Popularity of Treehouses
Since its debut in 2013, The Treehouse Masters reality television series has been the inspiration for countless Do-It-Yourselfers to design and build their own treehouses.
Whether you like sleeping under the stars, telling ghost stories or enjoying the sounds of nature, the popular Treehouse Masters have convinced us that a backyard treehouse is the perfect place to make these memories. But before you grab your hammer and a bucket of nails, there are a few basics you should know.
The ABC’s of Building a Treehouse
The first rule of treehouse building is to find a good tree.
You might want to hire an arborist to check out the tree’s health and make sure it will last. St. Petersburg’s has several companies you can call ….. Robert Ellis-Arboriculture, Lee Claxton, ISA Certified Arborist Tree Service and Yutzy Tree Service, to name a few. Be sure to ask which pests are associated with the tree you choose.

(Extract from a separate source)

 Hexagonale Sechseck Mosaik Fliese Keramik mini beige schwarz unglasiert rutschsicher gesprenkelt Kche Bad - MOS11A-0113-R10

Assess how much weight your tree can handle.
Once you know, decide if you can suspend your structure or if you need additional supports. Some of the factors used to determine how much of a load a limb can support are:
- Species: Fast growing species have weaker limbs in a given size compared to those that grow slower. e.g., willow vs. oak.
- Limbs – size, form, attachment, and flexibility: Arborists will usually look at limbs of no less than 4″ in slow growth species. Assess the form for even taper along the length with a branching occurring from the interior out to the tips. Some species have more flex in the branch.

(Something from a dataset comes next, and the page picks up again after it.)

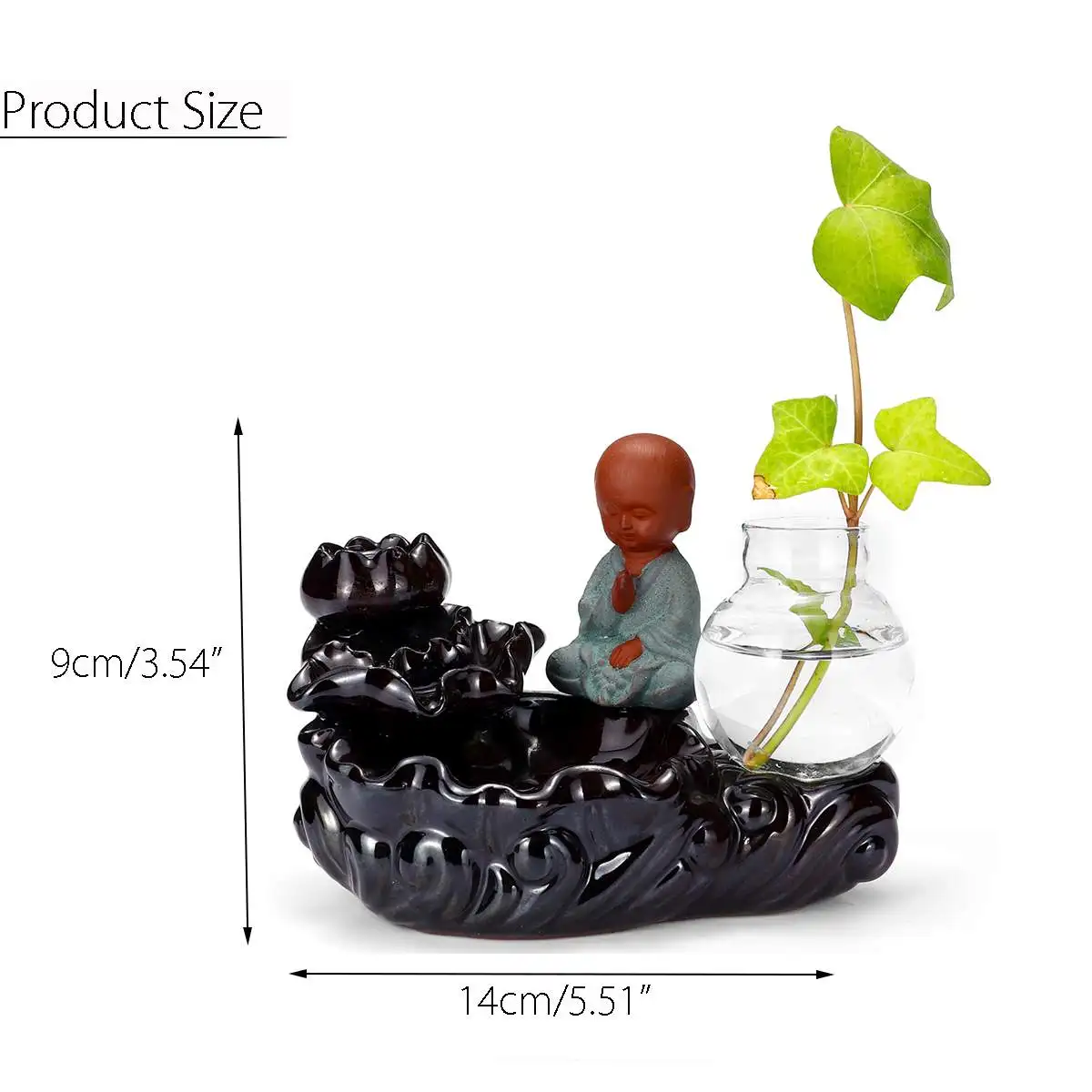 Керамический Прекрасный маленький монах курильница коническая подставка для дыма Будда Курильница Creatives домашнее декоративное стекло гидропонный горшок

- Defects and decay: Look for fungal fruiting bodies along the branch and especially near the trunk.
Know your building and planning code regulations.
Make sure you are within the square-footage limit outlined in the City’s building code. Sometimes the structure can’t exceed the height of the main residence. (www.stpete.org)
Be a good neighbor.
If your treehouse is going to overlook your neighbors’ backyard, they will likely have something to say about it. It’s better to be open and communicative with your neighbors before starting the project. Common courtesy and respect is the name of the game.
Consider buying a treehouse kit.
You can make the construction phase easier by purchasing special treehouse hardware or even a prefab treehouse kit which typically cost thousands less than a custom design. Check out your local Home Depot or shop around online for the best kit to suit your needs.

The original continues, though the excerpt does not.